Thanks....this speaks volumes unfortunately

---------- Post added at 05:46 PM ---------- Previous post was at 05:37 PM ----------

Ray, this Pastor is probably the best at doing a sermon Ive ever heard


----------



## Pergamum (May 27, 2010)

In SE Asia, the CM&A missionaries have labored diligently among many people groups and have a good record of service. Several of my most respected colleagues on the coast are CM&A and when they preach they preach the Gospel expositionally.


----------



## Cato (May 27, 2010)

Pergy....It appears that preaching is there gift. Confessional, well not so much.


----------



## RandPhoenix (May 27, 2010)

I confess I have very little experience with CMA preaching outside of the chapel messages by the president of our school (whose messages were among the absolute worst I've ever heard in my life). My grandmother goes to a CMA church, and when my dad committed suicide, his funeral was held at her church.

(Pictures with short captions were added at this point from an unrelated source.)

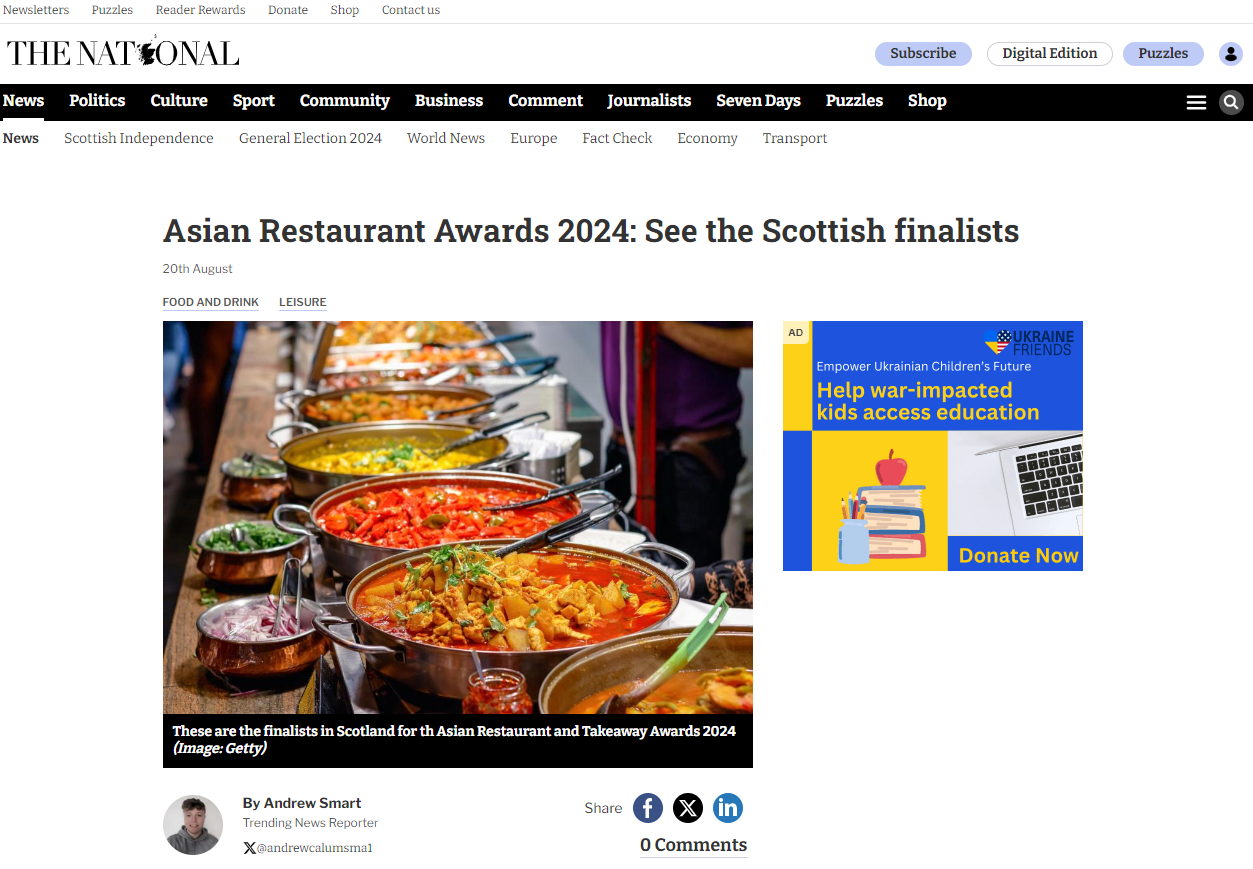 Asian Restaurant Awards 2024: See the Scottish finalists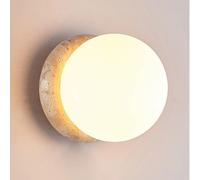 WFZRXFC Applique Murale d'extérieur en travertin, étanche IP65, Ronde en Verre, 16 cm, luminaire décoratif pour extérieur, idéal pour Une Villa, Une Cour ou Une terrasse.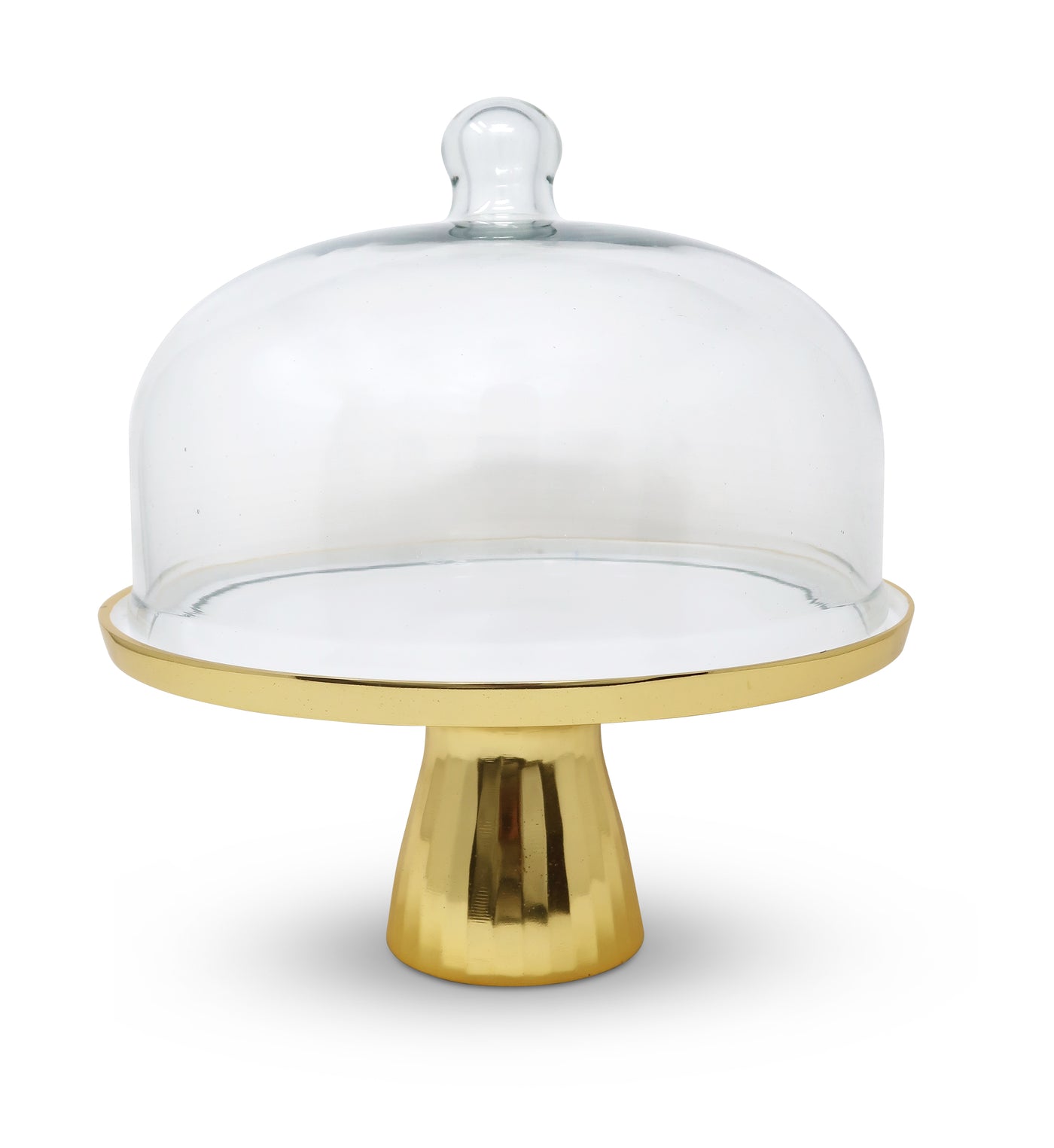 Gold and White Cake Stand with Glass Dome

It was the worst funeral sermon ever. It was atheological, and it was rambling without a clear point or structure. It left most of us wondering "What was he trying to say? And how is this any comfort to us?" No gospel whatsoever. To hear such a sermon was like adding insult to injury in an already heart-breaking time.


----------



## Cato (May 27, 2010)

I can top that. My cousin dies right around Christmas & so this Catholic priest comes & frames his eulogy around the carol " Hark The Herald Angels Sing" It was bizarre.


----------



## RandPhoenix (May 27, 2010)

I always thought that Catholic priests weren't allowed to change their eulogies from the church calendar. So if the church calendar said that it was time to preach something related to Christmas, they had to preach something related to Christmas. Obviously, though, I wouldn't imagine the Church calendar covering something like funerals.


----------



## MRC (May 27, 2010)

Pergamum said:


> In SE Asia, the CM&A missionaries have labored diligently among many people groups and have a good record of service. Several of my most respected colleagues on the coast are CM&A and when they preach they preach the Gospel expositionally.


 
Praise God for those men's faithfullness! The ones I have heard preach have not exhibited the same approach to preaching.


----------



## Pergamum (May 27, 2010)

Maybe those ones stay home.


----------



## DMcFadden (May 27, 2010)

My experience with C&MA is that it is currently a typical broad evangelical denomination. As such, you can probably expect to find a dispensational flavor and an unconsiously Arminian soteriology to be pretty prevalent. However, like most evangelical denominations, there is an AMAZING array of diversity in views (this IS America, don't you know?).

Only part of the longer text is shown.